Hello, Let say I have a bearish assumption on the market and I want to buy put on SPY . Which expiration and strike should I choose to get the most bang for the buck? Are there any available research on how far one should go in time and if option should be ITM or OTM? Thanks
How about doing 6 months of demo and find out that way? You learn by doing, pricing of options called the Greeks will take to while to understand, then market direction is another way to trade them, is the price slamming in direction that you want to buy or sell will give some false prems/discounts, then what to do when price is doing opposite of what it should be doing and what should you do? Best to paper trade and learn then getting answers you will end up back testing anyway or at least you should be doing.
petersen82 To answer your question, you will need to nail down the missing information. 1) Quantify the market move you expect and quantify the probability. 2) Quantify when #1 will occur and quantify the probability. 3) Using 1 & 2, determine if any positive expectancy is possible. And pick your option strike/expiration accordingly. The above is a little bit cynical, however, attempting to quantify the moves and probabilities, is sobering, and may help to not loose one's shirt.

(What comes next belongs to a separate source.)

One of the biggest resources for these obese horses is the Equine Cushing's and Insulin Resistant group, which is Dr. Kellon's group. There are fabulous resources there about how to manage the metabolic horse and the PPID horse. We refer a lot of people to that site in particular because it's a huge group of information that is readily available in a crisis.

I would go with the 1-strike OTM weeklies. Buy on Friday through Wednesday with the expiration on Friday (5 to 2 day trades). Start with $100.00 or less, the debit paid is the stop. The quick expiration prevents you from hanging-on to a losing position hoping it rebounds. No need to demo trade. SPY option positions can be entered for $100.00 or less, real trades are invaluable.

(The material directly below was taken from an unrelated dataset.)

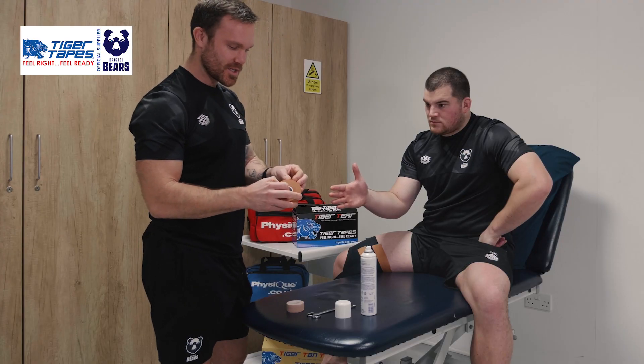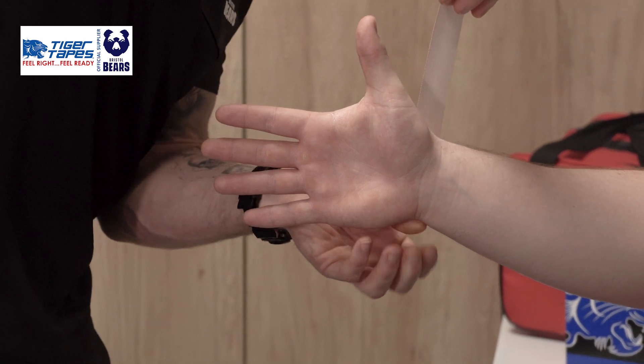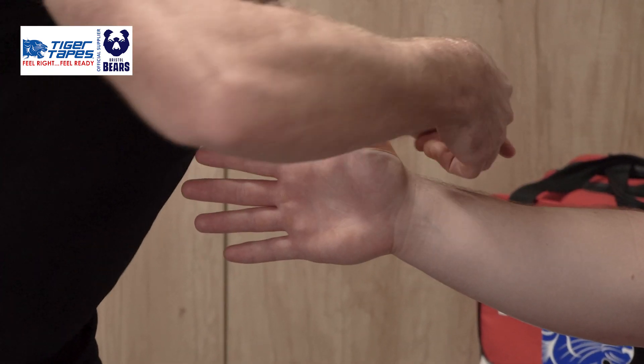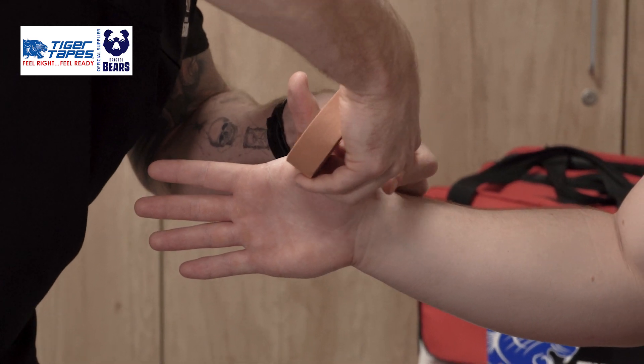Using the 2.5cm Tiger Tan Tape, we'll use this as our base, starting around the wrist at that ulnar styloid, coming around the thumb like so, covering those collateral ligaments and tearing.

And real losses are not valuable, yeah I am cynical, saving those who know so little from blowing out their accounts in two months. I co-owned a brokerage in the 90s, beginning day traders on average blow out accounts 99% of the time in 2-6 months, with Internet allowing you to do many trades in short time instead of calling it in back in 90s, am sure failure rate is much quicker.
I didn't imply that "real losses are not valuable". I posted "Real trades are invaluable" that includes: Losses that go with real trades. Gains that go with real trades. Decisions that go with real trades. All invaluable that you wont get with demo trading. And at only $100.00 per week a bargain.
When you not done back testing to know which strikes, expiration, ITM, OTM this equals LOSER. Demo trading gives you time to learn and not have to pay as much tuition, you can wait a few more weeks of stealing their money,
With a little research, you'll quickly come up with the conclusion/answer to your own question. a couple ppl posted good answers.